Activity:
Skip the pictures. Transcribe the rest of the data below without changing a word.

Records supplied:
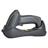 Mindeo CS3290 Cordless 2D laser Barcode Scanner - 2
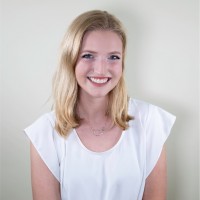 Mary Kastelberg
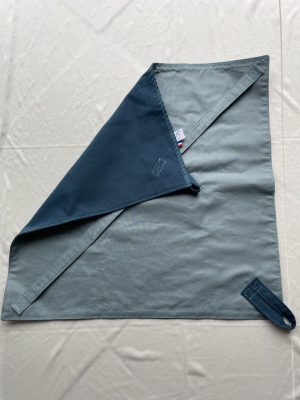 sac de transport pour tarte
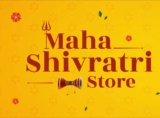 Maha Shivratri Store Min. 50% off – Bring home divine blessings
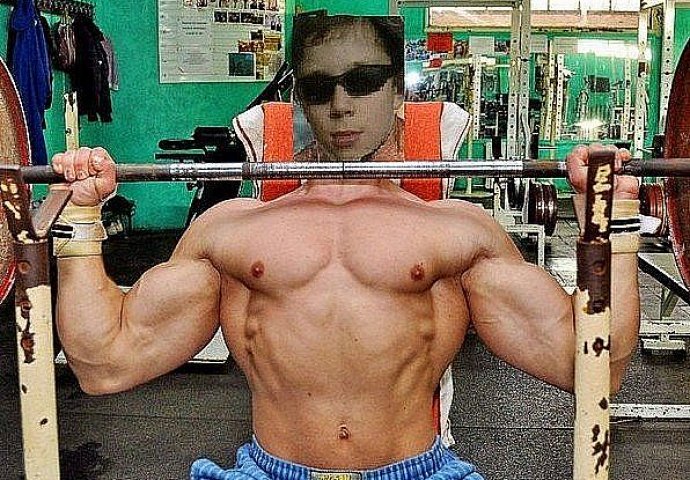  Ovo su razlozi  zašto photoshop trebate prepustiti profesionalcima!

Worked solution:
 Mindeo CS3290 Cordless 2D laser Barcode Scanner - 2
 Mary Kastelberg
 sac de transport pour tarte
 Maha Shivratri Store Min. 50% off – Bring home divine blessings
  Ovo su razlozi  zašto photoshop trebate prepustiti profesionalcima!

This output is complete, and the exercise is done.